Q: Havok has said that, with all of the power offered by the PS4, the Xbox One, and today’s modern PCs, there needs to be a new consideration that the smaller things dust, debris, particles, fire, etc. are as key to making next-gen scenes look immersive and real as do the traditional areas, such as polys, resolution, and frame-rates. What would you say to the devs out there to convince them of that?

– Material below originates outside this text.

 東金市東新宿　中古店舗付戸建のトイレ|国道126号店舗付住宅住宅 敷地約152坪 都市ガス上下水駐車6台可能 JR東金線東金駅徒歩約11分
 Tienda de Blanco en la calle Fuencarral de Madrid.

Bowell: Exactly. Havok has always been about helping developers create that sense of immersion and suspension of disbelief. If you look at the movie and visual FX industry, the extent to which movies draw you in with atmospheric effects like smoke, mist, and fire, scare you with swarms of insects, and deafen you with earth-shattering explosions, the same is true for gaming. However, in the past, game developers focused on using purely visual effects to achieve this atmosphere. The next shift that Havok’s latest technology will enable is making purely visual effects fully interactive. At GDC 2015, Havok will be showcasing new technology to allow game developers to achieve this.

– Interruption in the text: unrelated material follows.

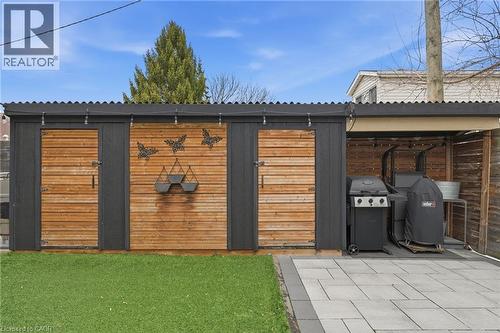 414 John Street N, Hamilton, ON - Outdoor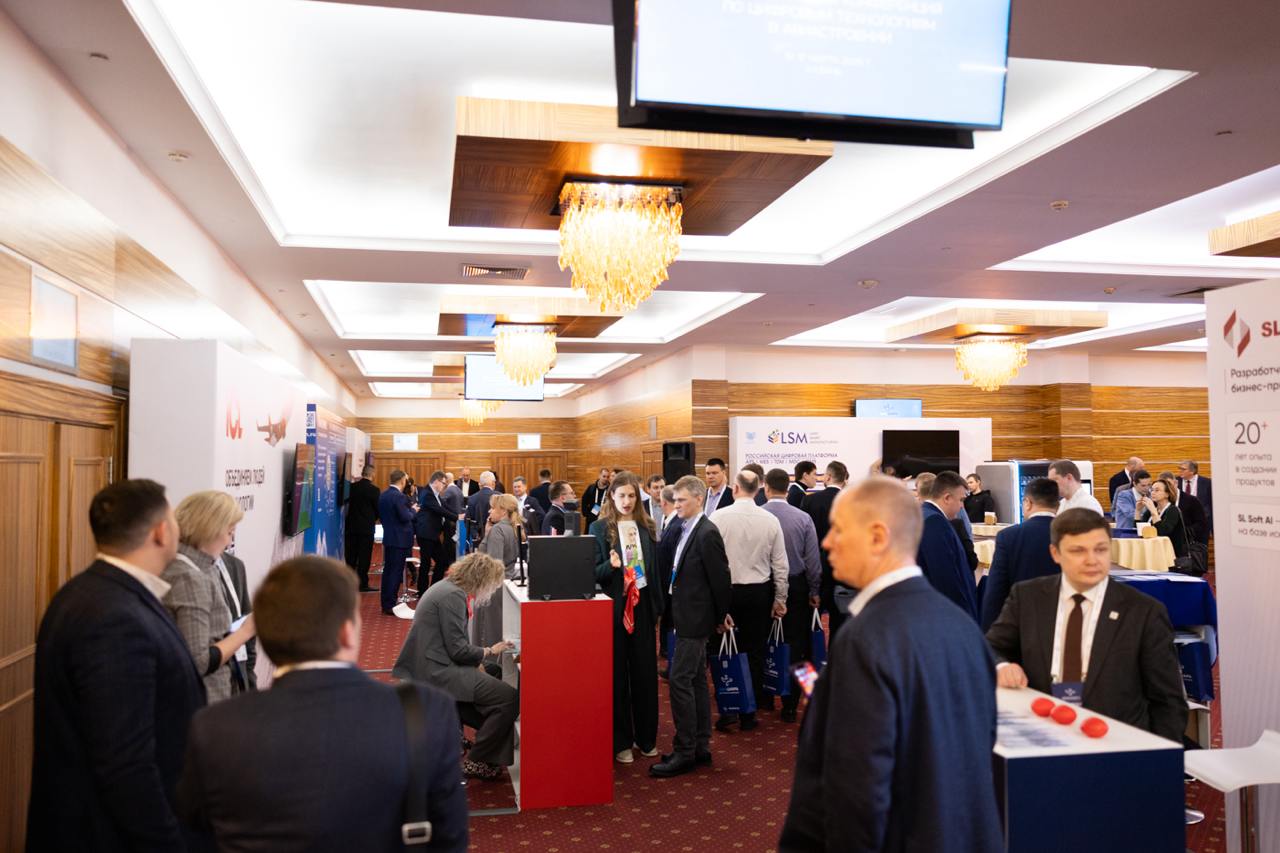 Ростех поделился опытом внедрения отечественных цифровых решений в авиаотрасли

Q: Once again, Havok is sponsoring a booth actually a business suite at GDC 2015. Why has the conference become such an important part of Havok’s marketing strategy?
Bowell: This is our 15th year at GDC! We are also having our 15-year anniversary as a company! GDC has been an integral part of our company’s planning and execution. We launch new tech at GDC, we talk with key customers around the world about what technical challenges and needs they have, and we party at GDC! GDC is at the heart of things for us!